The bill doesn’t specifically make an exception for women having a miscarriage, but it does say an abortion can’t be defined as the removal of “a dead unborn child.” That should theoretically mean D&Es are still acceptable in the case of miscarriage, but the language here is uncomfortably broad.

Like Kansas, the Oklahoma law only makes an exception for health risks so serious it would kill the woman, or would cause “substantial and irreversible physical impairment of a major bodily function, not including psychological or emotional conditions.” Both bills were based off model legislation written by the National Right to Life Committee; earlier this year, anti-abortion website LifeNews promised the new laws would “transform the landscape of abortion policy in the United States.” Like Governor Brownback in Kansas, Governor Fallin signed the bill quietly, without a public ceremony or even a press release.

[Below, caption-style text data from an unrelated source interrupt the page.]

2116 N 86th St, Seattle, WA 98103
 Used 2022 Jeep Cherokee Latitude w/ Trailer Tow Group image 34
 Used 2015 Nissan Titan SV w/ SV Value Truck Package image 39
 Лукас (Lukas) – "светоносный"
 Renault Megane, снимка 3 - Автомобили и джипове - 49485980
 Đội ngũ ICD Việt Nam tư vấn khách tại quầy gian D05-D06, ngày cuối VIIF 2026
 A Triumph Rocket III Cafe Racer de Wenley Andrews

In their own press release sent out this morning, the Center for Reproductive Rights decried Oklahoma’s decision.

“With this law, Oklahoma has joined Kansas in an alarming trend toward substituting politicians’ agendas for the judgment and expertise of doctors, and then threatening those doctors with criminal charges if they disagree,” Nancy Northup, the CCR’s president and CEO, is quoted as saying. “Women need to be able to trust their physicians to provide the very best care possible, tailored to their unique needs and circumstances and not dictated under threat of prosecution. It’s time politicians stop passing these dangerous laws and recognize that women’s reproductive health care is a necessity, not a crime.”

The CCR also included a letter from 22 Kansas and Missouri physicians to State Representative Steve Brunk, Chair of the House Federal and State Affairs Committee. They warned that the Kansas bill intrudes on the doctor-patient relationship and the safest abortion method:

Senate Bill 95 represents unwarranted intrusion in the doctor-patient relationship. The bill would restrict the safest and most expeditious way to terminate a second-trimester pregnancy. In many cases, these terminations are necessary for the patient to protect her health or future fertility, and the bill lacks an adequate health exception that would allow physicians to exercise their medical judgment in these circumstances. This legislation could also force physicians to provide substandard care to second-trimester abortion patients.

Substandard care seems to be the point here, really. The law is set to take effect November 1.

Correction: An earlier version of this post incorrectly identified Brunk as an Oklahoma representative and said the letters were sent from Oklahoma physicians. The corrected version appears above. I regret the error.